The centre would then analyse the intelligence and identify threats. “If you look at intelligence failures,” Murphy said, “not joining the dots is the biggest one.”

Varadkar’s talk of a Cobra-style entity is a start.

“It’s the beginning of a change,” Murphy said. “It’s an acknowledgment that this waffle that we’ve been hearing about the national security committee has been caught out. That it is not fit for purpose in the modern day. I don’t think it was fit for purpose in 1974,” he said, referring to the year it was set up.

The committee, which is tasked to advise the Taoiseach on security, is chaired by the secretary to the government and includes the secretaries general of the Departments of Justice, Defence and Foreign Affairs, plus the director of J2. Those familiar with its regular meetings say, “if a Minister turned up it would be extraordinary”.

In Murphy’s new system the committee would be redundant. His new full-time analysis centre would also allow for tapping into hitherto unused sources.

How many people in this country would be good at intelligence but may not be good soldiers – or in the guards but you can't get them into intelligence?

“It would allow you to bring in civilians,” he said. “How many people in this country would be good at intelligence but may not be good soldiers – or in the guards but you can’t get them into intelligence? You could get in guys from universities, human-intelligence guys, language people, that might not be very good in the Army but would be good in intelligence.”

Mutual respect

Although Ireland’s two intelligence-gathering operations are separate, it would be inaccurate to say that Garda and Army special forces do not work well together. At ground level there is much mutual respect and acknowledgment of expertise.

The Defence Forces’ Army Ranger Wing has about 100 special-forces soldiers and is due to double in size. The Garda has a range of heavily armed rapid-response teams – the emergency-response unit, the newer armed-response unit, and regional support units – who have clocked up considerable success in disrupting gang warfare in central Dublin.

Sources say that, although the emergency-response and armed-response units have run exercises together, joint training in countering a marauding terrorist attack is too infrequent for maximum effectiveness and needs to take place in real urban settings as well, not just in a mock-up in the Curragh.

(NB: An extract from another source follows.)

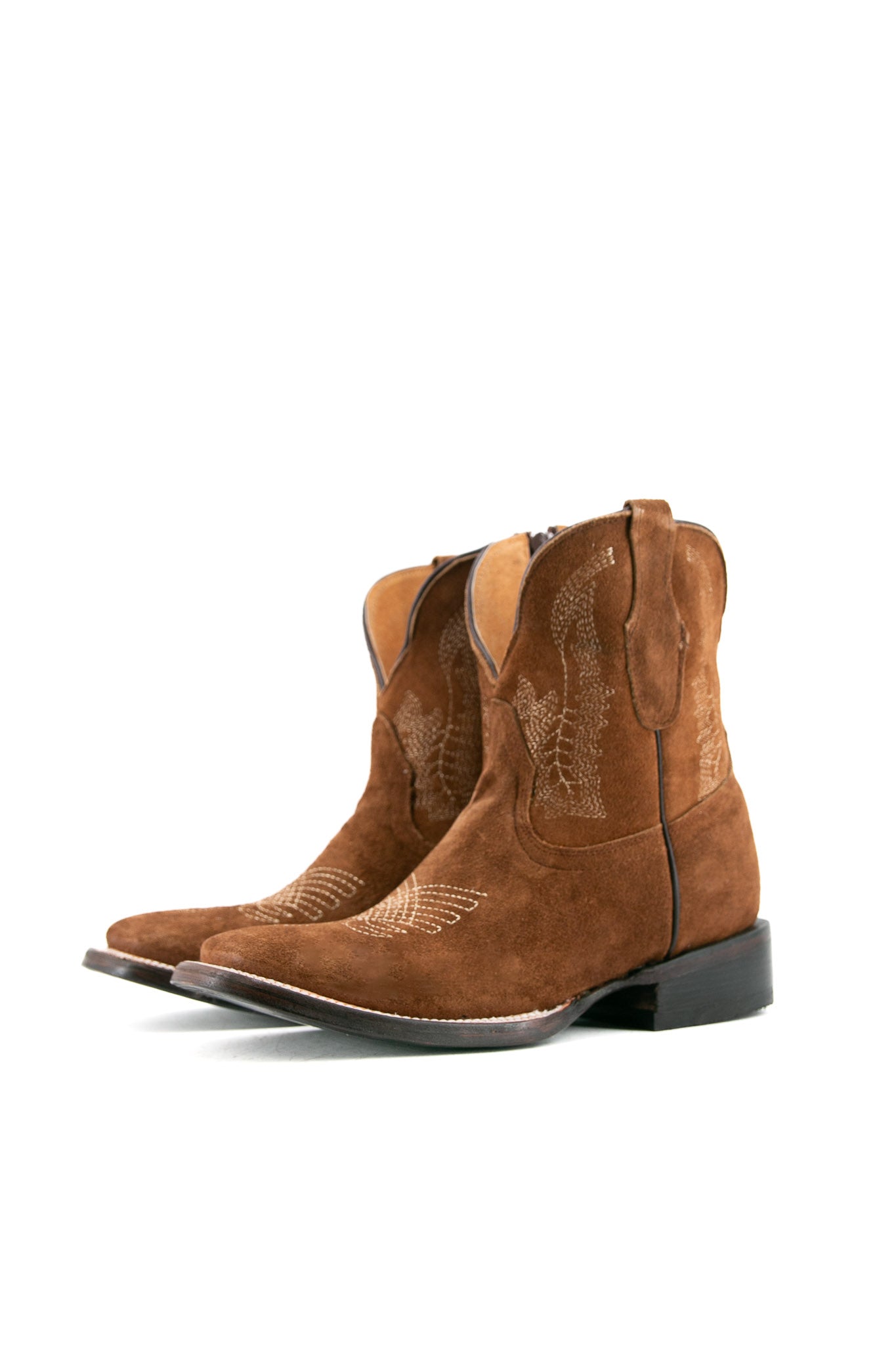 Josie Suede Square Toe Cowgirl Booties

We've had tabletop exercises, where scenarios are talked through, but there have been no real exercises

“We’ve had tabletop exercises, where scenarios are talked through, but there have been no real exercises,” one military source said.

There is a degree of frustration that Irish special forces, whose skills are acknowledged to be on a par with those of others internationally, are not being used and that joint exercises are not happening in real situations.

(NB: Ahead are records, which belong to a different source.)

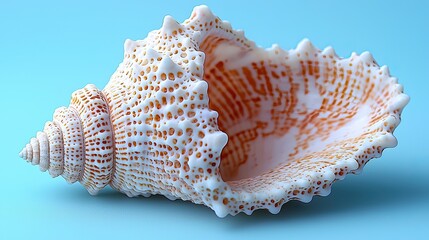 Close-up of a beautifully detailed seashell resting on a soft blue background, evoking a tranquil beach scene
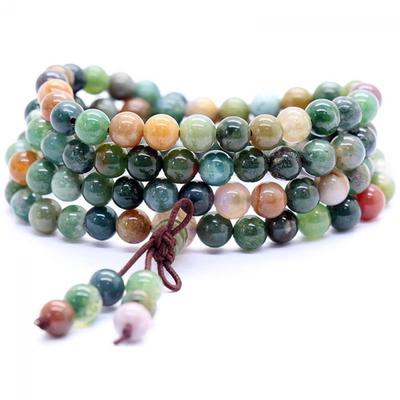 108 Beads Necklace Prayer Moss Tibetan Buddhist Agate Bracelet Mala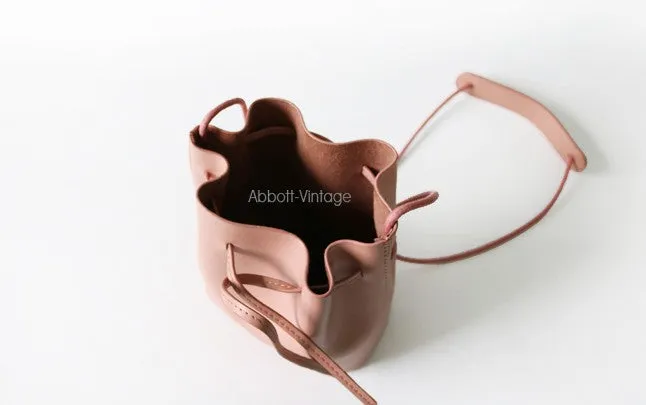 Stylish Leather Pink Womens Bucket Purse Crossbody Bag Barrel Shoulder Bag for Women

There is concern also about the adequacy of helicopter transport, if required at short notice for rapid deployment of significant numbers, and of the equipment and training to allow for night flying.

Sources say the British have told their Irish counterparts that they regard 17 people here as high risk and that were they in the UK they would be under 24-hour surveillance.

David Murphy, the Maynooth University security specialist, sees the Government’s approach to date as an extremely high-risk strategy. “I like to see contingencies,” he said. “When you boil this down to its essence, what is the governmental and the police approach to this? ‘Nothing has happened. We don’t think anything is going to happen, and therefore we will do nothing.’

“To do anything will take time, money and effort, so we’ll actually run the odds on this and travel in the expectation that nothing will happen. If something happens maybe it will be small; maybe only a few people will be killed. That’s your trade-off: contingency or you take the risk of a hit.”